Entende-se por legitimidade a posição jurídica das partes do objecto controvertido. Com base nesta posição, as partes têm acesso ao tribunal com o litígio, a fim de defender os seus interesses devidos através da acção. Caso o litígio pertença às partes, elas têm legitimidade de intervir na acção, na medida em que essa posição jurídica lhes consagra a legitimidade de intervenção na acção.
Portanto, é de apurar quem são titulares da relação obrigacional no caso de pagamento das despesas de condomínio. As despesas de condomínio são encargos de condomínio.

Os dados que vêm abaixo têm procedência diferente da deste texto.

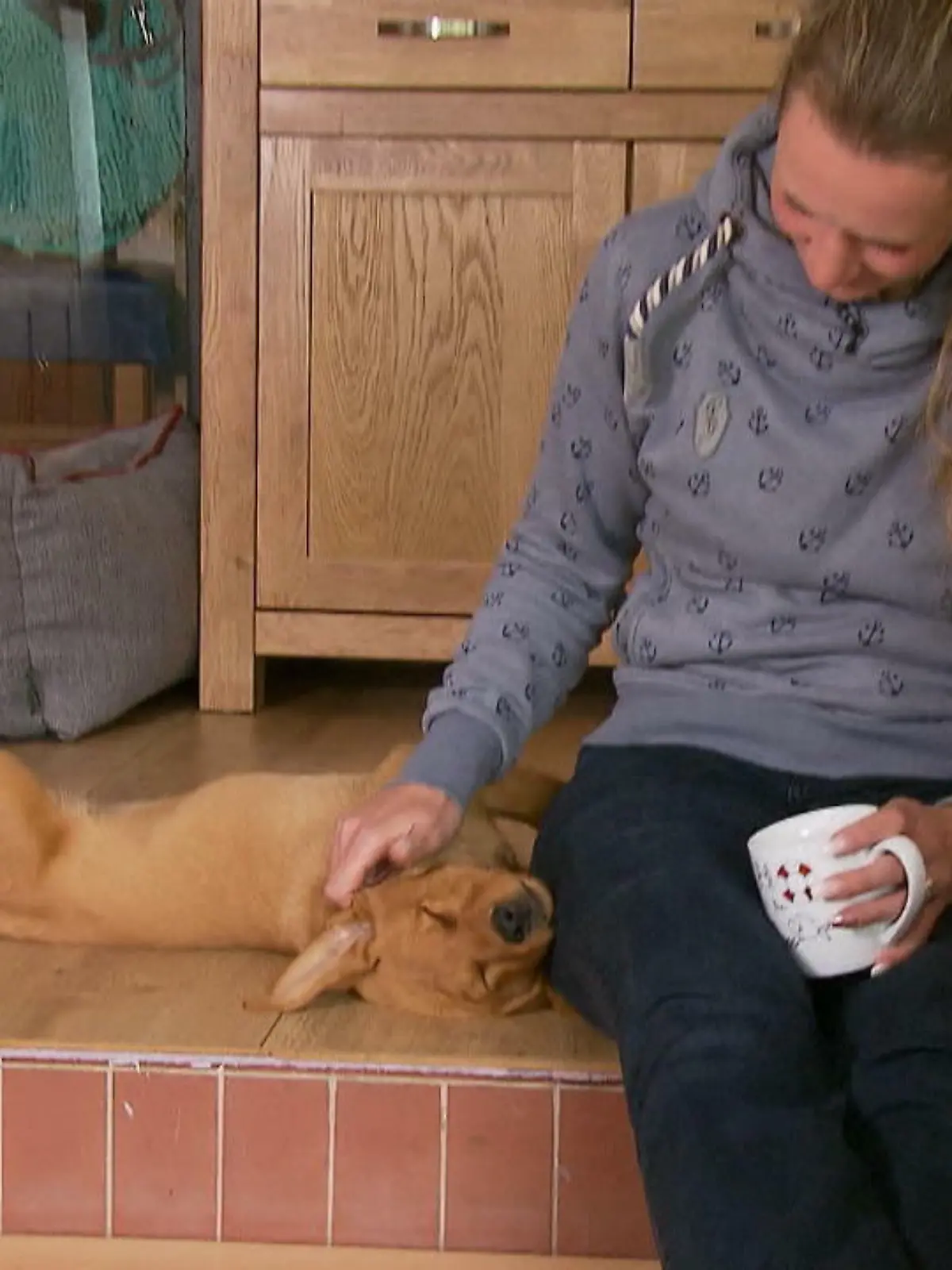 Bild zu: "Hund hilft Frau mit Tinnitus"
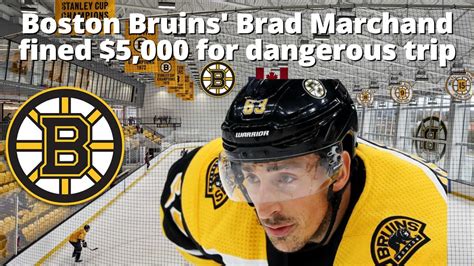 Are Bruins Dangerous?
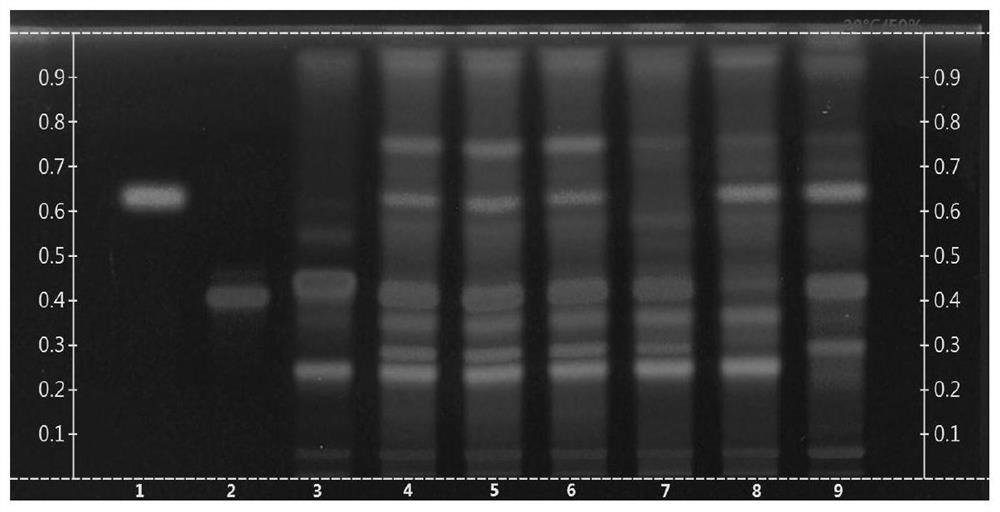 Rapid thin-layer identification method for multiple medicines in common goldenrop granule finished products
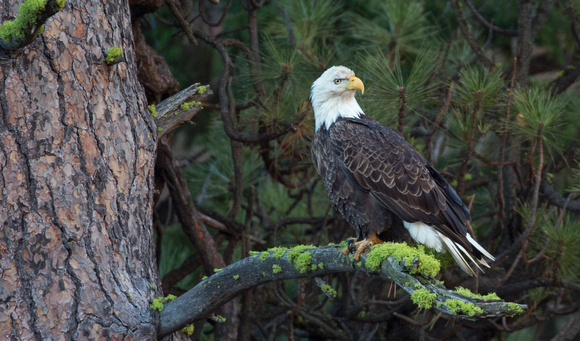 Bald Eagle, Tieton River, eastern Washington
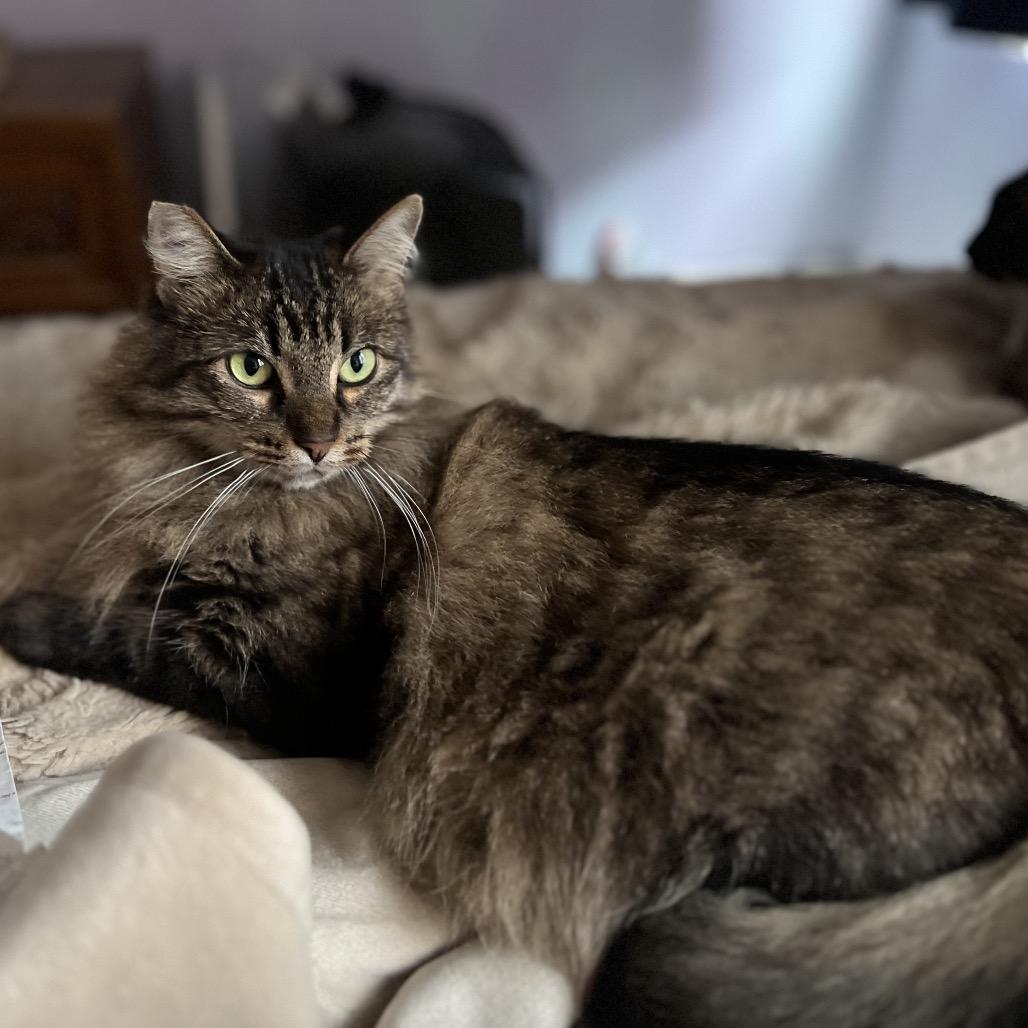 Mama Tabitha — thumbnail 3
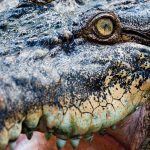 Everglades-National-Park_11277025-crocodile-eye-close-up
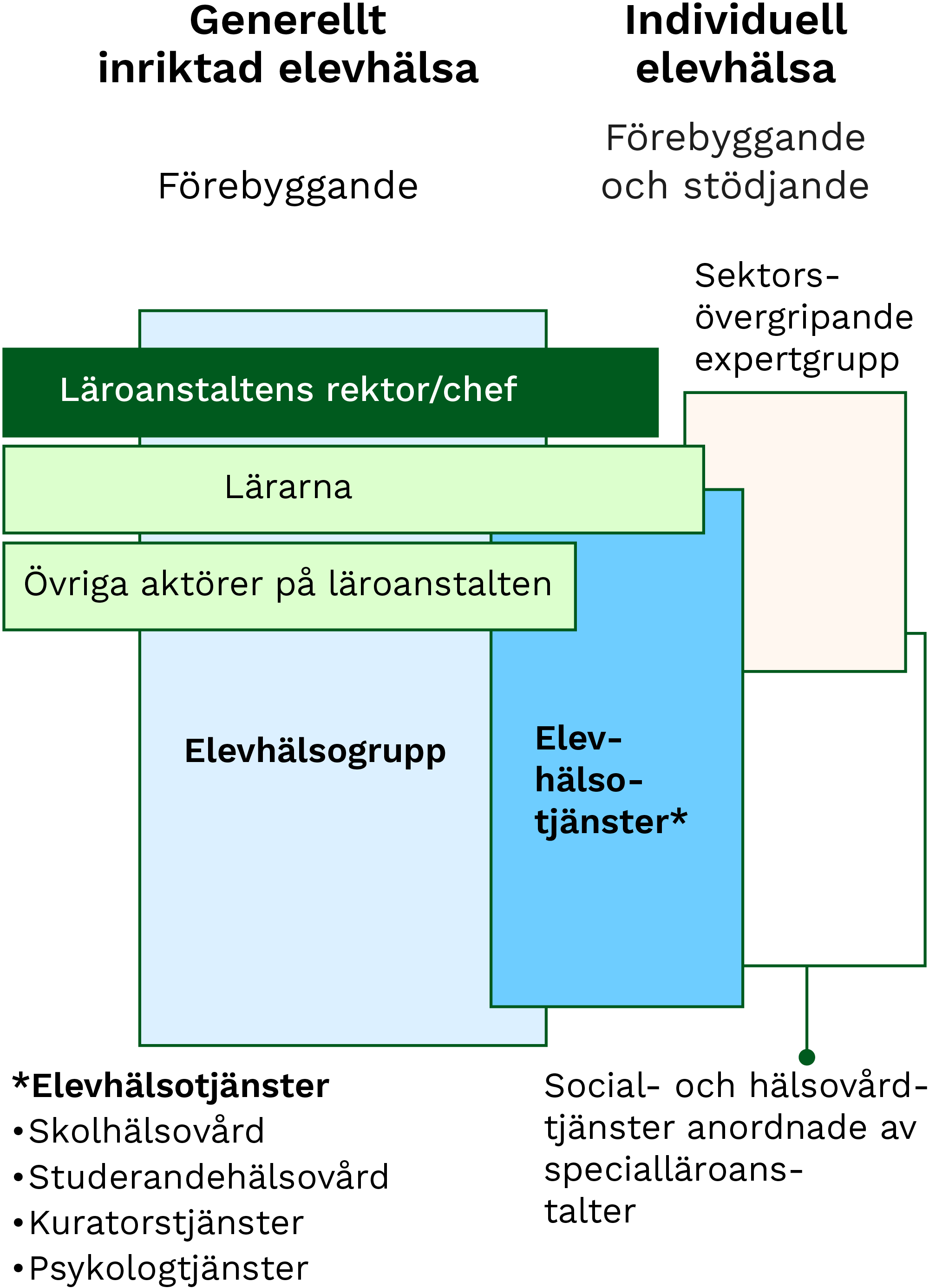 Bild av indelningen i generellt inriktad elevhälsa och individuell elevhälsa. Bildens innehåll beskrivs i sidans text.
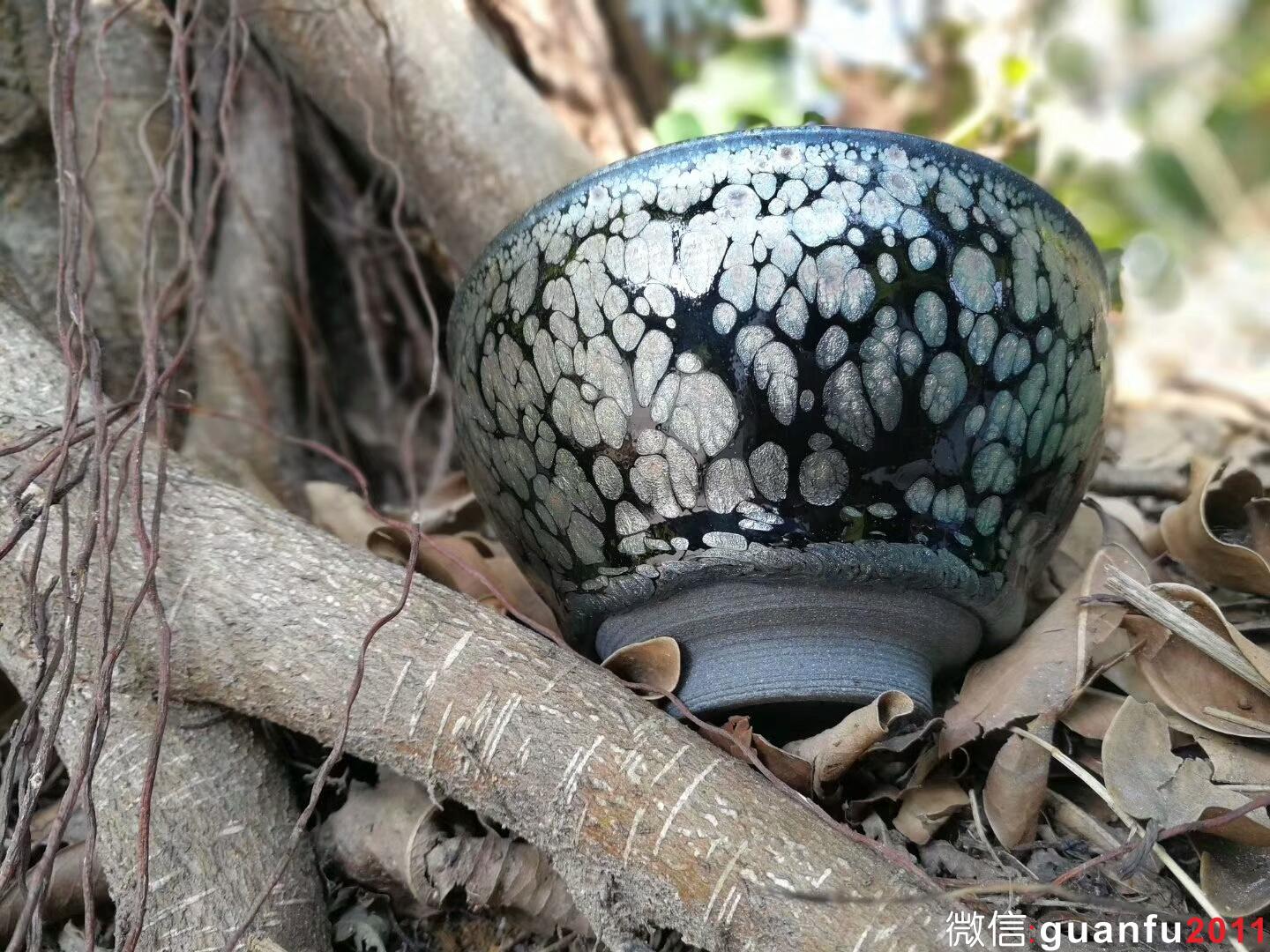 mmexport1515576830852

Tanto nos termos do art.º 1359.º do Código Civil, como nos termos do art.º 45.º da Lei n.º 14/2017, ora Regime Jurídico da Administração das Partes Comuns do Condomínio, é função da administração exigir de cada condomínio as prestações devidas para pagamento de encargos de condomínio, incluindo a contribuição para o fundo comum de reserva (vide art.º 43.º n.º 1 al. 4) da Lei n.º 14/2017).
Daí, as despesas de condomínio, como encargos de condomínio, devem ser pagas por cada condomínio ao “Conselho de Administração”. Assim, as despesas de condomínio, como encargos de condomínio, representam uma obrigação de cada condomínio em relação ao “Conselho de Administração”, portanto, a respectiva obrigação consiste na relação obrigacional entre todos os condomínios e o “Conselho de Administração”.
A autora é apenas uma sociedade de administração contratada pelo “Conselho de Administração”, fornecendo serviços de administração ordinária através do Contrato de Administração celebrado com o “Conselho de Administração” e recebendo mensalmente as respectivas retribuições (a questão de saber se a respectiva retribuição foi paga directamente pelo “Conselho de Administração” ou foi paga pelos condomínios à autora com o consentimento do “Conselho de Administração” é apenas questão de modo de pagamento, não afectando a natureza da obrigação constituída nem causando a alteração subjectiva da obrigação), uma vez que a autora indicou, na petição inicial, que ela foi incumbida pelo “Conselho de Administração” de proceder à administração.
Portanto, em relação à questão de pagamento decorrente do Contrato de Administração celebrado entre a autora e o “Conselho de Administração”, isto é, em relação à questão controvertida no presente caso, o sujeito da obrigação deve ser o “Conselho de Administração”, em vez de ser os réus no presente caso, na medida em que a relação jurídica controvertida está oriunda do contrato celebrado entre a autora e o “Conselho de Administração”, sendo justamente eles sujeitos do litígio.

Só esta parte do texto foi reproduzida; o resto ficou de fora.